Selon les informations, tous les partis politiques participant au gouvernement sont devenus dérangés par la perturbation du gouvernement, et ils n’acceptent plus ce qui se passe, surtout qu’ils veulent les gains des désignations et des formations de toutes sortes, avant la tenue des élections. Même le couple chiite a commencé à souffrir d’embarras au niveau de leurs rues et de leur environnement, alors la décision a été de parvenir à un accord et il était basé sur deux choses, mais plutôt sur la résolution de deux cas : le cas du ministre George Kordahi et le cas de l’enquêteur judiciaire Tarek Bitar.

Dans le premier cas, il a été convenu que le Conseil des ministres serait convoqué, afin de mettre Kordahi devant deux options : soit démissionner, soit être démis. Quant à l’affaire de Bitar, il a été convenu de former une commission d’enquête parlementaire afin que le cabinet envoie une lettre à la Chambre des représentants qui constitue une demande de formation d’une commission d’enquête parlementaire pour enquêter sur l’affaire de l’attentat du port. Dans ce cas, Bitar cesse les interrogatoires des députés et des premiers ministres. Mais cette solution est-elle possible ?

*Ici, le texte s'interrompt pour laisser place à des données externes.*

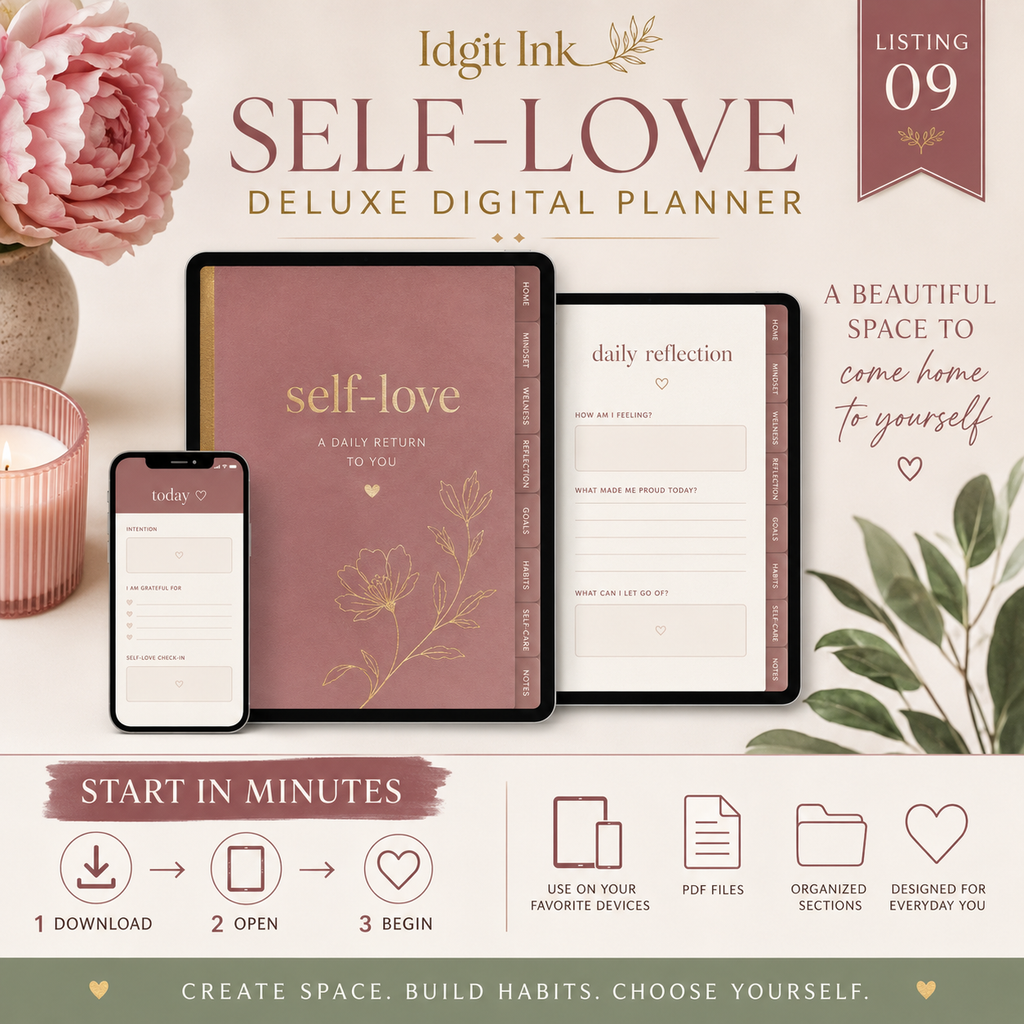 Self-Love Deluxe Digital Planner and Reflection Bundle — listing image 10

En théorie, tout est possible au Liban. En pratique, cela signifie que l’enquête sur le bombardement du port va s’arrêter, car Est-il raisonnable, par exemple, qu’un représentant du mouvement Amal interroge Ali Hassan Khalil ou Ghazi Zuaiter, et qu’un représentant du futur interroge Nouhad al-Machnouk ? Dans ce cas, les résultats de l’enquête ne seront-ils pas connus et prédéterminés ? En conséquence, si cet arrangement réussit, alors on n’obtiendra pas la vérité, et on n’arrivera pas à déterminer les responsables de l’explosion du port.